How to read a product label ?

Processed foods are consumed by nearly everyone in developed countries, but how many of those people actually stop to take a look at the composition and nutritional value of what they’re eating? Among those who take the time to look, how much of the labeling content do they actually understand? This article will provide some tips to teach you how to read product labels so that you can monitor what you eat as well as what you’re putting into your body.


Before you look at nutrition facts, set some time aside to read the list of ingredients.

First, start by looking at the length of this list. The shorter the list, the better the product. A quality product has natural ingredients and fewer additives. Next, take a look at the order of the ingredients. Most ingredients lists are ordered based on quantity. Thus, the first ingredient of the list tends to be the most abundant while the final ingredient makes up the smallest percentage of the entire item’s composition. Finally, pay attention to the nature, composition and quality of the ingredients. Nowadays most products contain ingredients which have been found to be harmful to human health such as glucose syrup or hydrogenated vegetable oils, both of which lack natural composition and therefore possess diminished quality. It’s important to pay attention to details of the ingredients like these because they tend to be very prevalent in processed foods


After reading the list, now it’s time to analyze the nutritional information.

Nutrition labeling is mandatory on all pre-packaged foods in order to inform consumers of the caloric content as well as macro and micro nutrients found in the product. Food labels quantify these variables under serving sizes or by 100g or 100ml. (i.e. 1 Serving or 100ml of Pulco Citronnade (A French lemonade brand) contains the following: 5.4g carbohydrates, 5.1g sugar, 0g protein, 19mg vitamin C, and so on.)

The key factors to hold under consideration when purchasing food items include: proteins, lipids, carbohydrates and minerals.

Protein: Many dietitians would recommend animal proteins rather than vegetable proteins simply because they provide all of the essential amino acids our bodies need. However, if one does not consume animal products, there are alternatives. For example, you could satisfy your DRI for essential amino acids by consuming a combination of different cereals and legumes at some point in the day. (Quick note: If a food contains more than 10g of protein per 100g, it is an excellent source of amino acids which are the building blocks of protein.)

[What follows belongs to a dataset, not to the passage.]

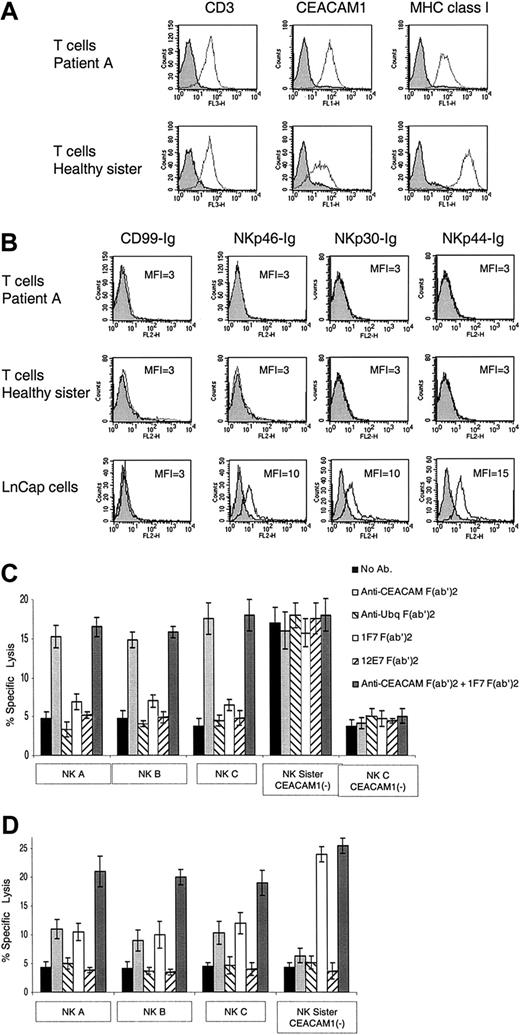 Figure 4. Killing of PHA-induced T-cell blasts. (A) Staining of PHA-induced T-cell blasts with various mAbs. Staining of PHA-induced T-cell blasts derived from patient A and from the healthy sister was performed with the F(ab′)2 fragments of anti-CD3, anti-CEACAM1, and anti–MHC class I mAb HP-1F7. (B) Staining of PHA-induced T-cell blasts and of the LnCap cell line with various fusion proteins. Staining was performed with the NKp46-Ig, NKp30-Ig, NKp44-Ig, and the control CD99-Ig fusion proteins. (C) NK clones derived from patients A, B, and C were assayed for cytotoxic activity against autologous PHA-induced T-cell blasts. The NK clones obtained from the healthy sister were assayed against PHA-induced T-cell blasts derived from patient A. NK clones were preincubated with or without F(ab′)2 fragments of polyclonal anti-CEACAM or the control polyclonal antiubiquitin antibodies. The targets, autologous PHA-induced T-cell blasts, were incubated with or without the F(ab′)2 fragments of HP-1F7 or the control 12E7 mAb. Assays were performed at an E/T ratio of 2:1. Shown are the mean results of several NK clones that were obtained from 3 independent experiments. The data represent the mean percentage of killing ± SD. (D) NK clones derived either from the healthy sister or from patients A, B, and C were assayed for killing of PHA-induced T-cell blasts derived from the healthy sister. NK clones and target PHA-induced T-cell blasts were pretreated as described for panel C. Assays were performed at an E/T ratio of 2:1. Shown are the mean results of several NK clones that were obtained from 3 independent experiments. All mAbs used were in the form of F(ab′)2. The data represent the mean percentage of killing ± SD.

Lipids: With regards to lipids, it’s important to aim for foods with very limited saturated fats. The ideal items should contain unsaturated fat which is found in olive and vegetable oils.

Carbohydrates: The quality of carbohydrates will focus on their nature: You should learn to differentiate between simple and complex carbohydrates. Simple carbohydrates should consumed with discretion. It’s recommended to limit their intake while focusing on foods high in complex carbohydrates. Simple carbohydrates are labeled as “sugars” on nutrition labels.

Minerals: When it comes to minerals, you should pay attention to level of sodium. Too much sodium can cause issues with your cardiovascular system and overall health.


Finally, most packaging will indicate different certifications. For example: superior quality, Controlled Designation of Origin, Protected Designation of Origin, Red Label, Organic Farming and so on.

By Alex Zhang, student in nutrition and Amelie Vincent, dietitian.